PROVIDED RECORDS START

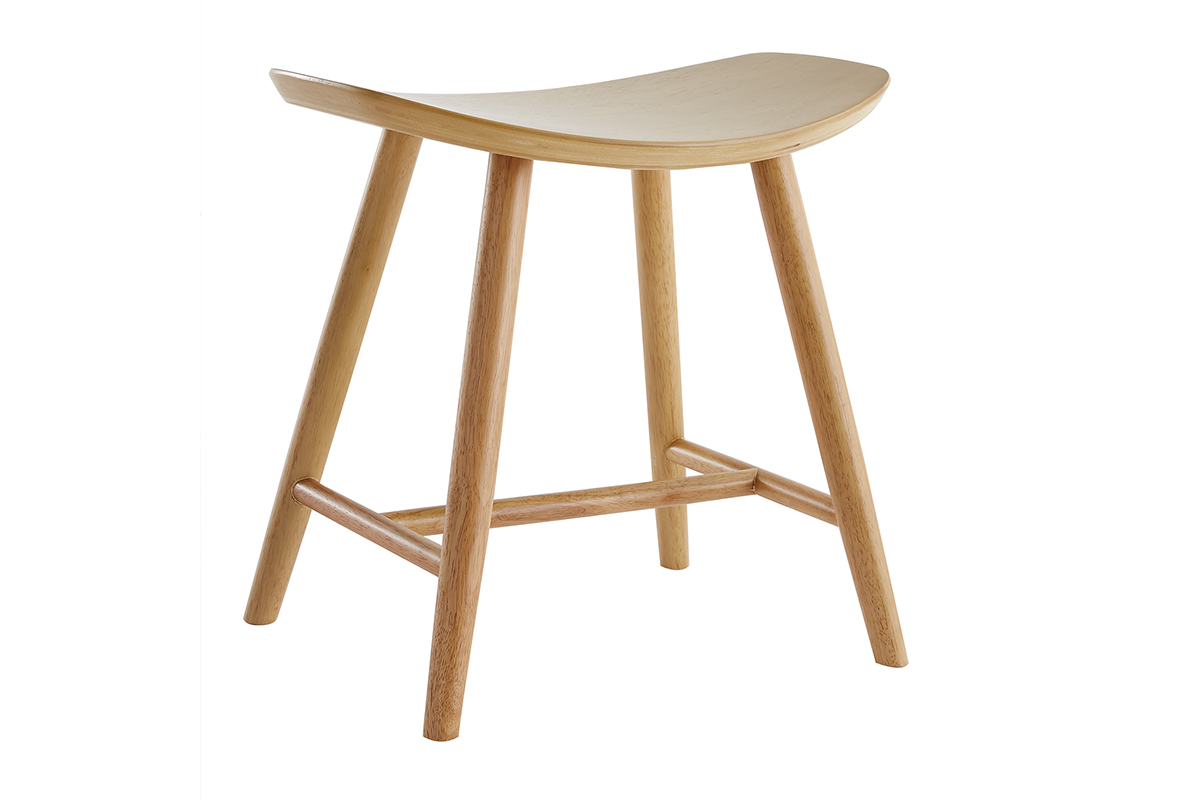 Tabouret bas en bois clair DEMORY, vue de 3/4, avec pieds en h�v�a massif et assise en contreplaqu�.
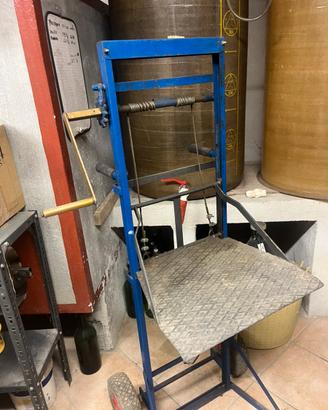 Carrello alza damigiane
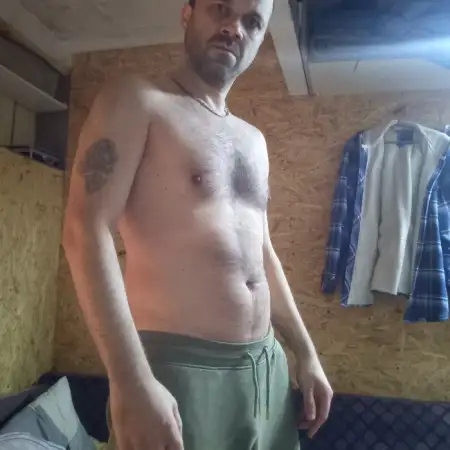Oleksandr, 48Румунія 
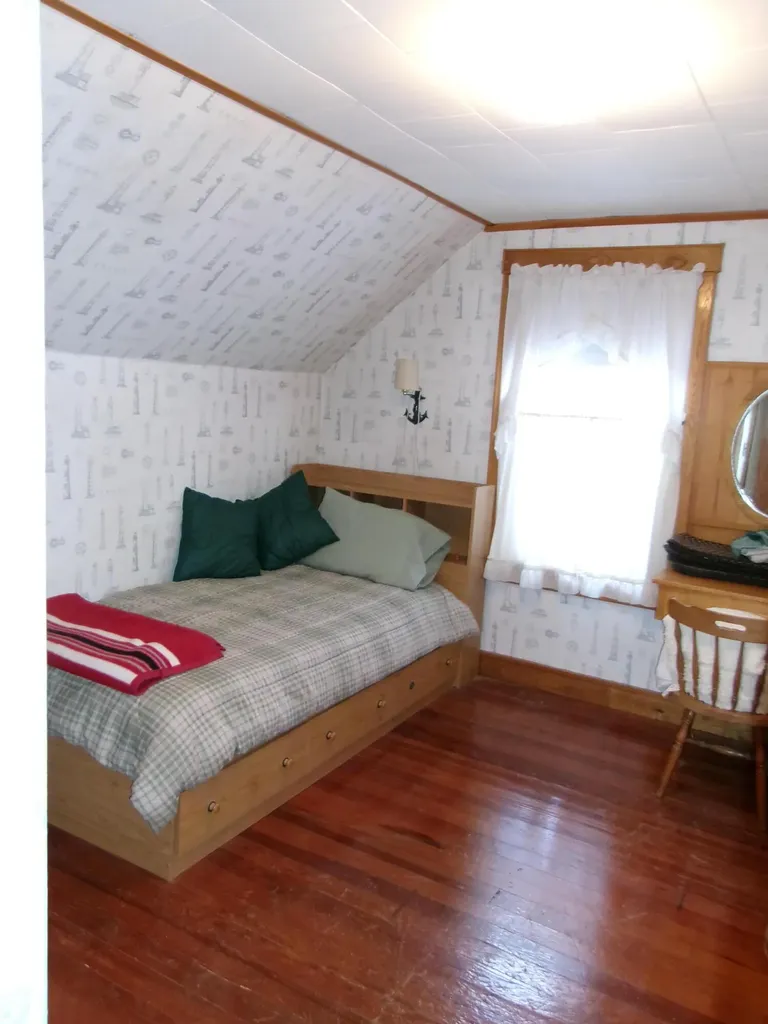 6 Morgan Street Lincoln ME 04457
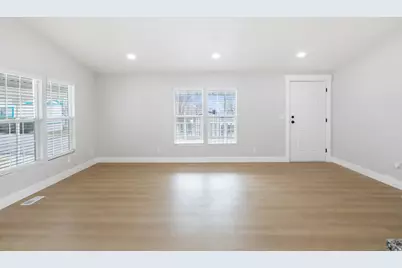 332 Hillgate Way, Layton, UT 84041 - Photo 5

PROVIDED RECORDS END

BRIEF:
Restate, word for word, each line from the line containing "6 Morgan Street Lincoln ME 04457" through the end of the entries above; the pictures are not part of the copy.

RESULT OF THE EXERCISE:
 6 Morgan Street Lincoln ME 04457
 332 Hillgate Way, Layton, UT 84041 - Photo 5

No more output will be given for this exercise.